A ministry of ‘being present’ is how Bryony Watson, Apostleship of the Sea’s (AoS) new port chaplain in Immingham, describes her vocation.
At 23, Bryony is the youngest member of AoS’ port chaplaincy team. Before her appointment in February, she was a volunteer ship visitor for four years.
“I learnt about AoS after a talk given by Fr Colum Kelly (who leads the AoS’ port chaplaincy team in Immingham), and was shocked that I knew so little about the lives of seafarers; especially as I’d lived by the sea all my life,” says Bryony who was born and grew up in Grimsby.
“Before Fr Colum’s talk ships were just lights on the horizon” she adds.
She became involved with AoS soon after, assisting parish contacts with the collection of shoeboxes, woolly hats and warm clothing, before visiting her first ship in December 2012
“I remember feeling over awed with the size of the ship and nervous about the gangway which looked quite precarious. However, I also remember the welcome we received, and how pleased the crew were to see us,” says Bryony, who graduated with a BA (Hons) in Fine Art in 2015 and briefly toyed with the idea of teaching in a primary school.

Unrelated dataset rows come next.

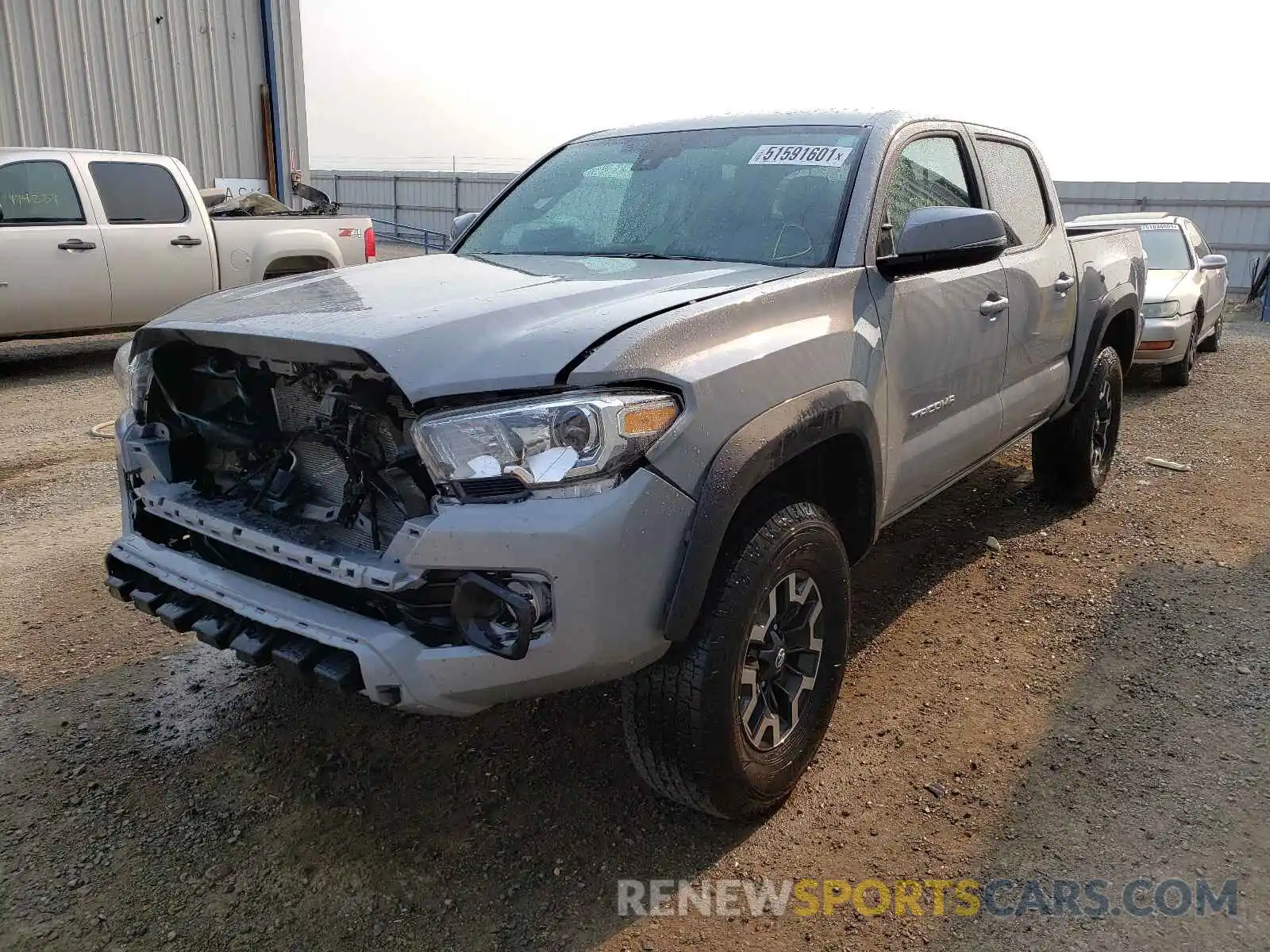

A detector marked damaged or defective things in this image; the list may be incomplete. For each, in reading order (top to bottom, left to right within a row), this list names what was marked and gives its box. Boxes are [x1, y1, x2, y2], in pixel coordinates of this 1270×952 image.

crumpled hood [137, 251, 792, 401]
crumpled hood [1143, 270, 1188, 307]
damaged front end [117, 343, 553, 670]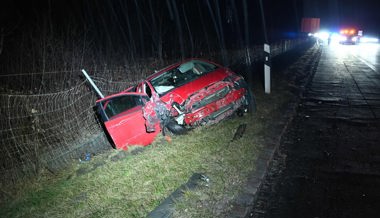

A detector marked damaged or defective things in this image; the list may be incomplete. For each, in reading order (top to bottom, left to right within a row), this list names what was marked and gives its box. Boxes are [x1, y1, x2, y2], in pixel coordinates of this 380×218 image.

damaged red car [96, 58, 254, 150]
shattered windshield [150, 59, 218, 94]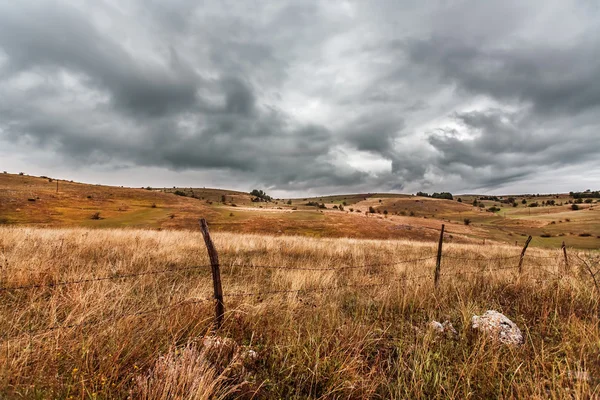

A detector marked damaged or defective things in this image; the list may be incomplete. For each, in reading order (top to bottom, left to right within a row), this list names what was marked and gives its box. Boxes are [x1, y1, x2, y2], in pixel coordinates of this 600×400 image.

rusty fence post [199, 219, 225, 328]
rusty fence post [516, 236, 532, 274]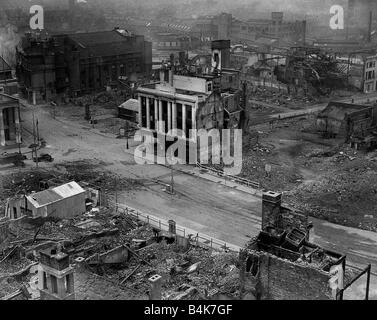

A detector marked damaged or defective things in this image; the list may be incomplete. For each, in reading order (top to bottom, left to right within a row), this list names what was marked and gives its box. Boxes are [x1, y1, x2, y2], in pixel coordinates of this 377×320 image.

damaged brick wall [241, 251, 332, 302]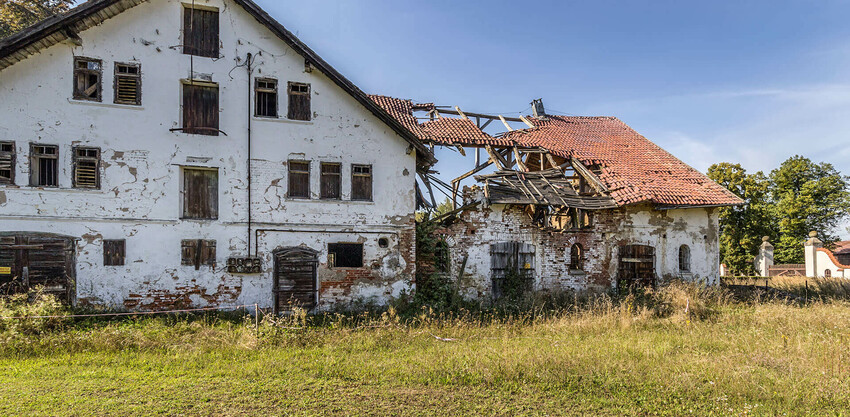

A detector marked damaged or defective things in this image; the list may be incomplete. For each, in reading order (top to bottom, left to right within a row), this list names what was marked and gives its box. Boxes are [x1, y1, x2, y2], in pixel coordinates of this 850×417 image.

broken window [182, 6, 219, 57]
broken window [73, 57, 102, 101]
broken window [114, 61, 141, 105]
broken window [182, 83, 219, 136]
broken window [253, 77, 276, 117]
broken window [286, 81, 310, 120]
broken window [29, 145, 58, 187]
broken window [73, 147, 100, 189]
broken window [182, 167, 219, 219]
peeling paint wall [0, 0, 418, 308]
cracked wall [0, 0, 418, 308]
broken window [286, 160, 310, 197]
broken window [320, 162, 340, 200]
broken window [352, 163, 372, 201]
broken window [103, 239, 125, 264]
broken window [181, 237, 215, 270]
broken window [326, 242, 362, 268]
peeling paint wall [434, 190, 720, 298]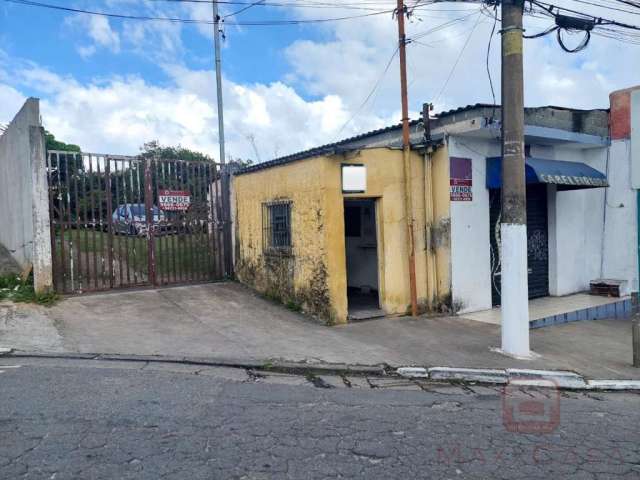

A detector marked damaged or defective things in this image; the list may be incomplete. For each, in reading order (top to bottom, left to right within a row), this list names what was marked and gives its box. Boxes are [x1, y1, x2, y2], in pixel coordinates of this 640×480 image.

cracked concrete wall [0, 98, 52, 288]
rusty metal gate [48, 151, 232, 292]
broken doorway [344, 198, 380, 318]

Bryony remembers a ship visit that sticks in her mind till this day. It was a few years ago, during the Russian annexation of Crimea.
She and her fellow AoS port chaplain Steve Willows visited a very old vessel which was berthed in Immingham while the crew made repairs.
“We were met by the second officer, who was slumped in a chair at the watch station. His clothes were ripped and dirty and he looked haggard. He told us that he was the only crew member from Crimea, that he was doing the work of two people, and that he was desperately homesick.
“He couldn’t leave his station so we stood on the deck of the ship and listened while he talked about the beauty of the water surrounding the Crimean peninsula, the apricot trees, and his wife and young daughter; all of which he missed terribly. There was very little we could do, other than listen, and hope that talking brought him some comfort.
“That visit showed me that chaplaincy is ‘being present’, being there, whether that means standing on a cold deck in the rain for an hour, or chatting over coffee in a mess room.”
Bryony, who plays ice hockey and enjoys reading – “especially anything by John Steinbeck and Charles Dickens” – credits Fr Colum for showing her the ropes of port chaplaincy, and says it is a wonderful experience working with and learning from him.
Last year, AoS’ Immingham port chaplains visited 605 ships to provide spiritual and pastoral support including celebrating Mass on board and supplying faith materials.